The Gulf of St. Lawrence is a particularly important region for researchers to study, as many whale species migrate into the Gulf for the summer months, often crossing known shipping routes. North Atlantic Right Whales are one of the species found in this area. Their population was nearly brought to extinction during the commercial whaling period in the late 1800s, and the numbers have yet to recover. “In the Gulf of St. Lawrence, there were more than ten North Atlantic Right Whale fatalities in 2017 alone,” explains Dr. Spadon. With less than 400 of them remaining, many projects are working towards minimizing the mortality of North Atlantic Right Whales.

Diagram of the Gulf of St. Lawrence, showing the various shipping ports, vessels and known whale hotspots, with high uncertainty about the vessel's future location. Diagram extracted from

The smartWhales initiative is one of the projects working to mitigate the risk of collision between whales and ships. “The smartWhale project involves many partners and experts in different areas that can help us achieve a better future for North Atlantic Right Whales,” says Dr. Spadon.

The future of computer modeling

In the computer modeling world, state-of-the-art ocean models often involve extensive and complex programming, which sometimes fails to capture basic relationships derived from the ocean domain knowledge.

To address this issue, Dr. Spadon utilized historical Automatic Identification System (AIS) data and maritime knowledge on the routes shipping vessels tend to travel throughout the changing seasons. Using domain knowledge and machine learning, he developed a new model that can produce top-notch results faster than the current models used for this purpose.

Dr. Spadon divided the Gulf of St. Lawrence into a grid to extract the most likely routes for the vessels. Using this information, the model accounts for changing vessel speeds and how this might impact travel paths, resulting in a more accurate prediction of the vessel’s trajectory. Creating an accurate curve of the vessel’s path is challenging. Still, Dr. Spadon’s model aligns more closely with the movement observed in the real world, which in turn helps researchers identify the vessels at risk of encountering a whale.

Diagram showing previous model predictions (top image) compared to Spadon’s more accurate model prediction (bottom image). Both images show where the ship was tracked (in Green), where the ship was predicted to go (in red), and where the ship ended up going (in blue).

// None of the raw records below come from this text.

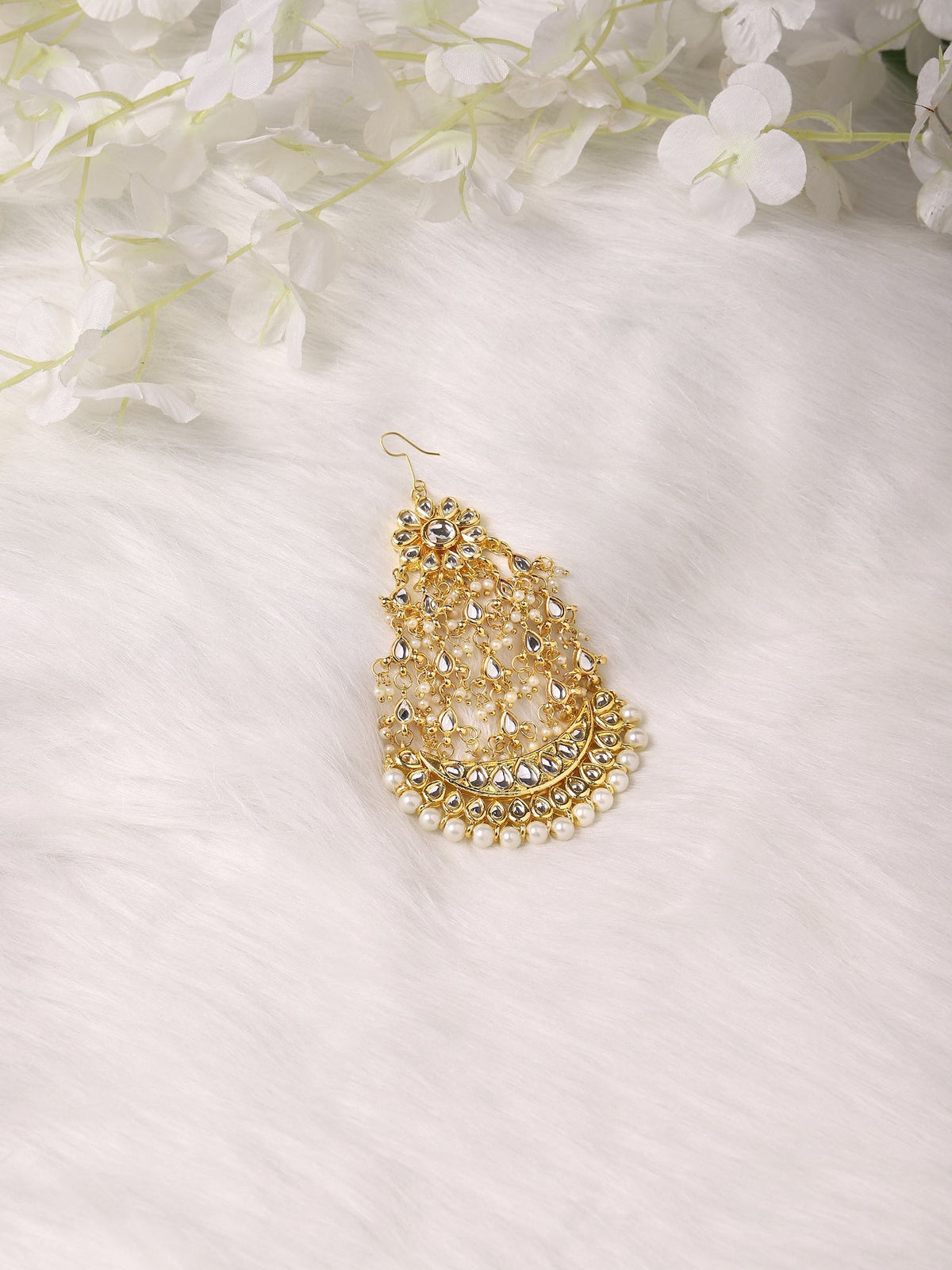 Gold-Polished White Kundan-Studded Beaded Handcrafted Jhumar Passa - Ruby Raang | Grocsy
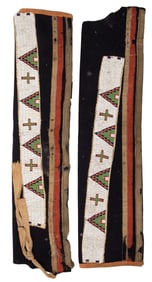 Native American Sioux Full Length Beaded Trade Cloth Leggings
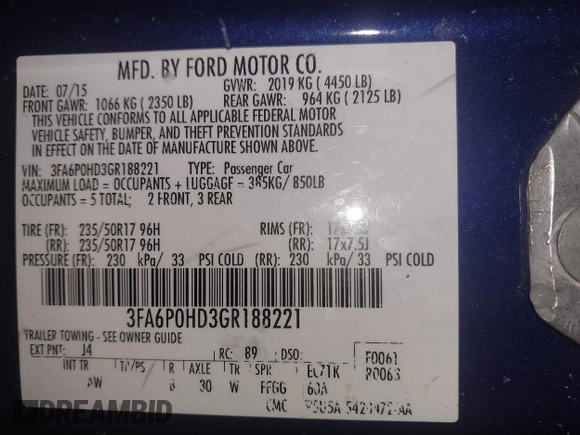 2016 Ford Fusion SE with VIN 3FA6P0HD3GR188221, listed as a IAAI auction lot 41327227 with 98,167 mi miles. Bid and sale history available at carsss.com. Image 9.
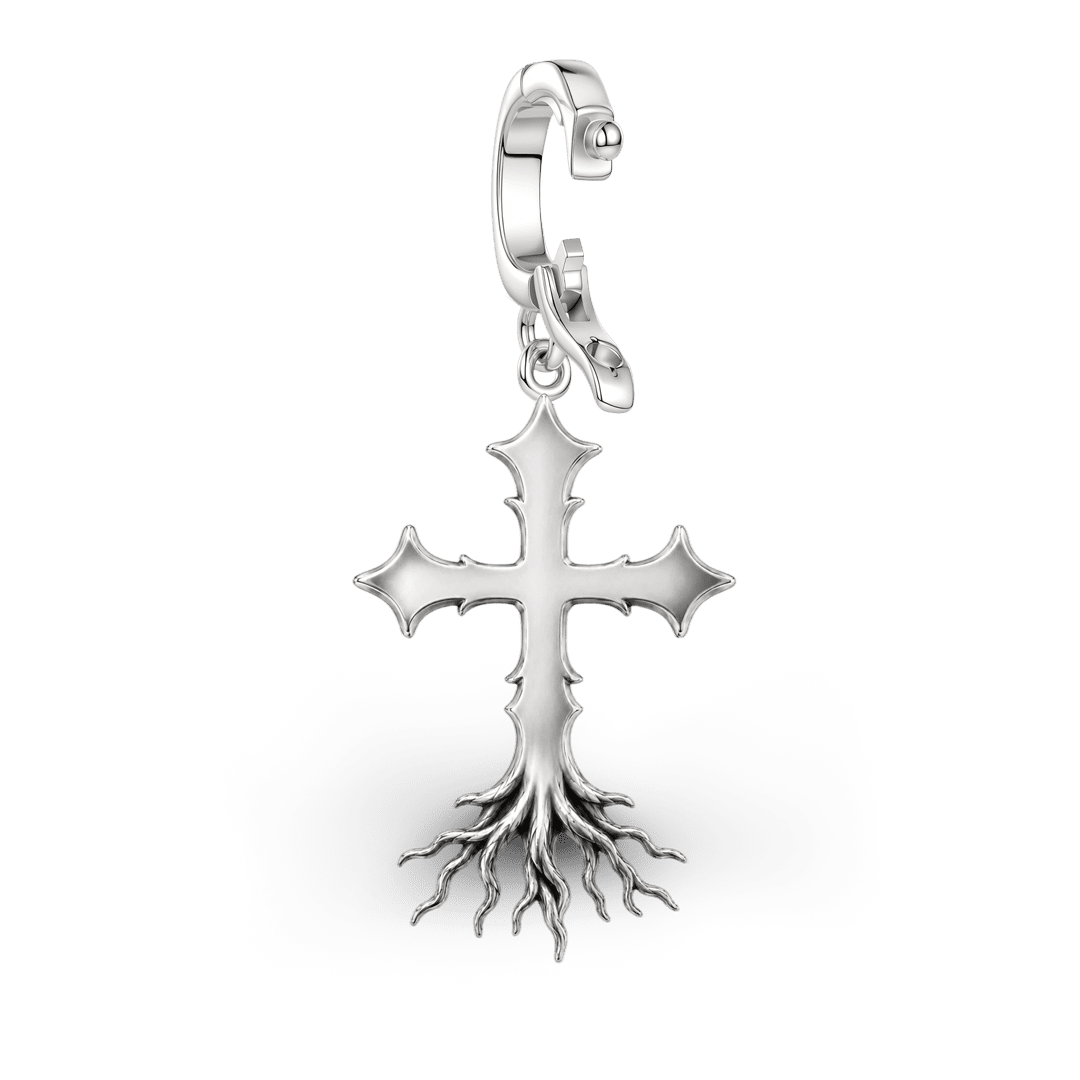 Gnoce Religious Series Root Cross Clasp Dangle Charm Black Gold-plated Silver Blend_6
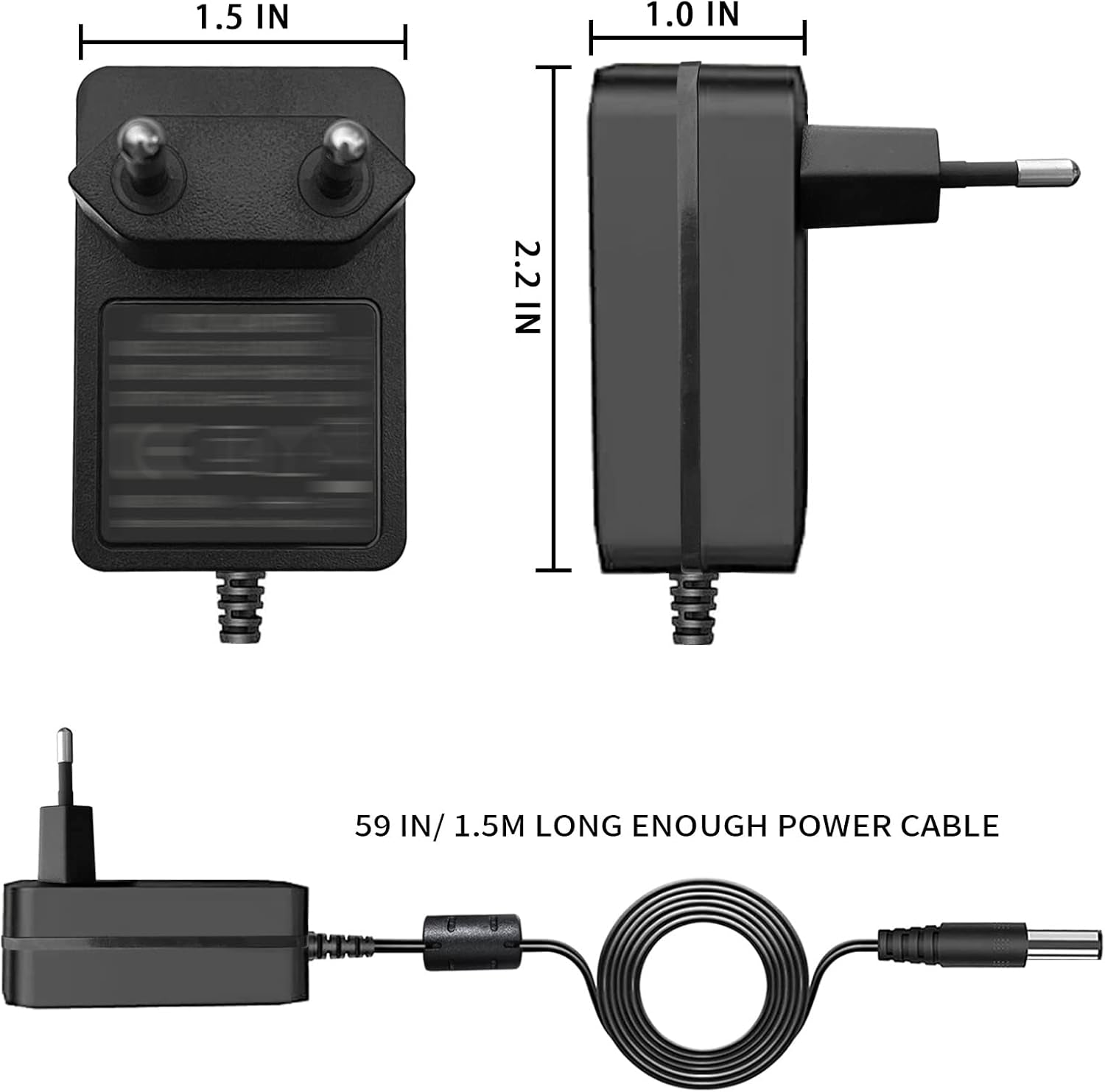 Adattatore Di Alimentazione Echo 15W Caricabatterie per Echo Dot (3Rd Gen), Echo Dot Con Orologio, Echo Show 5, Echo Spot, Fire TV Cube.
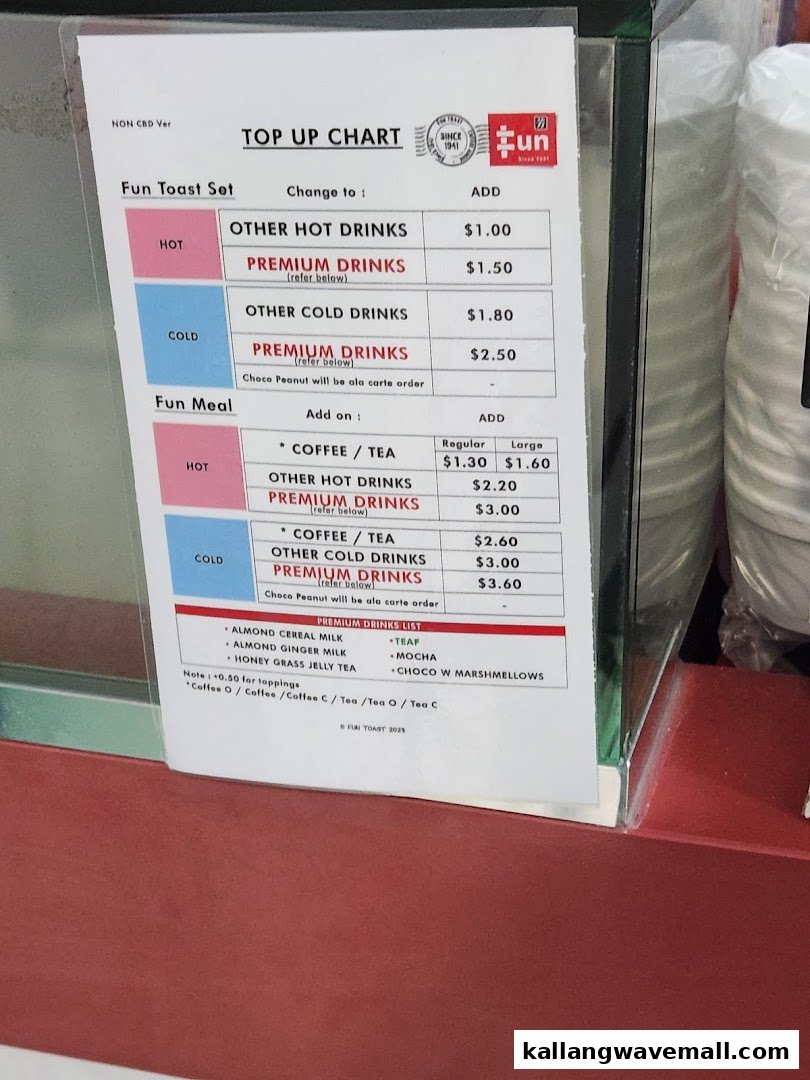 A detailed 'Top Up Chart' menu displaying drink add-on prices for Fun Toast sets and meals.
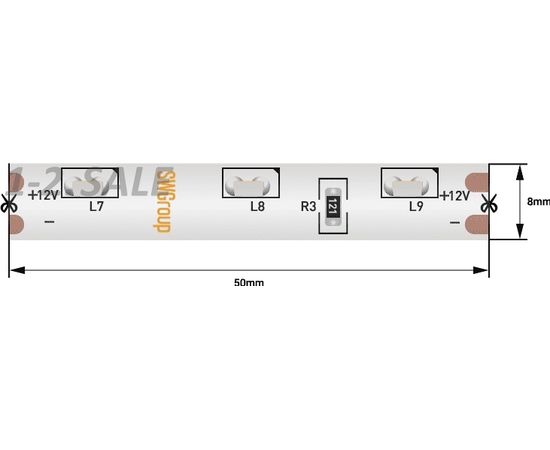 712606 - SWG Лента св/д стандарт 315 60LED/m 4,8W/m 12V 250Lm/m (5м, цена за 1м) IP67, 2800K-3200K 3K 2109 (1)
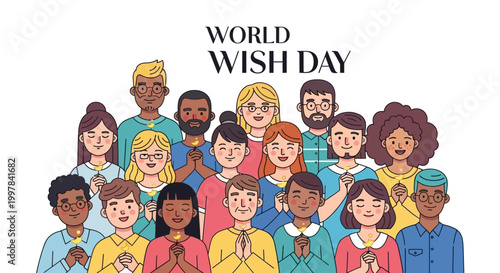 A diverse group of people, symbolizing the 'World Wish Day' concept, stand together with hands clasped in a hopeful gesture, set against a clean white background in a vector illustration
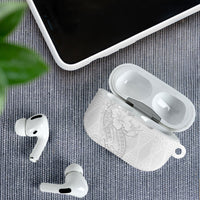 Tokelau White Sunday AirPods Case Elegant Hibiscus Polynesian Tribal Pattern LT05 - Polynesian Pride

Diagram extracted from

“I hope for a future where we have better integration of AI and ocean research,” says Dr. Spadon.

“I see AI being used to improve ocean sensors and give us better information for researchers to keep track of what is happening on and under the water.”

Dr. Spadon will be starting a new position at Dalhousie University, taking on the role of assistant professor in the Faculty of Computer Science.

His post-doctoral fellowship with OFI has created connections and opportunities that have helped to solidify his drive for a more sustainable ocean. “I intend to keep working with [AI computer models] to see its applications for our oceans,” says Dr. Spadon. “We know too little about our ocean compared to its size, and AI can help us understand more about it.”